If the 50 per cent claim from Boswell were true, then the reaction from consumers would be a no-brainer – add more solar and battery storage and possibly even leave the grid. The economics on that are already finely balanced as it is, because so much of everyone’s bill goes to support ageing, superfluous and, in some cases, redundant infrastructure.

(Memo Boswell, Hawaii has prices approaching the level he is predicting for Australia, which is why the legislature just voted a mandatory 100 per cent renewable energy target by 2050. They are going forwards, not backwards)

Why the huge gap in knowledge? The answer is simple. Our politicians are lazy and they don’t even read.

Boswell admitted as much, when he criticised the Pope for intervening in the climate debate.

Had he read any of Pope Francis’ encyclical, he was asked by Brisbane Catholic archbishop Mark Coleridge. No, said Boswell, “I didn’t read it”. Not a single page. He’d only ever seen a snippet of a report on TV. The same could be said of so many of his colleagues, and even their advisors.

And when they do read, they find their information from doubtful sources, often obscure web-sites their advisors find on the internet, or from fossil fuel industry talking points – like Boswell’s suggestion that the Pope’s Encyclical would deprive people in India of electricity – and sometimes in the mainstream media.

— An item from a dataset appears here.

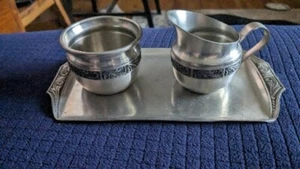 Norsk Tinn Pewter Cream & Sugar With Tray Set 2” Height 8” Length Tray - Picture 1 of 4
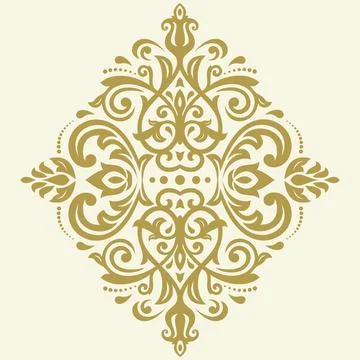 Damask Background With Arabesques in Oriental Style 스톡 일러스트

Graham Lloyd, The Australian’s environmental editor who has campaigned so heavily against wind energy, was at it again on the weekend, in a lengthy piece criticising European subsidies.

It was full of the usual misconceptions and misrepresentations. Then he came up with this pearler, complaining about the “intermittency” of renewables.

“The proof of intermittency in Australia,” Lloyd wrote, “is the extent to which South Australia draws on brown-coal fired generators in Victoria to secure its electricity supply during times of low wind.”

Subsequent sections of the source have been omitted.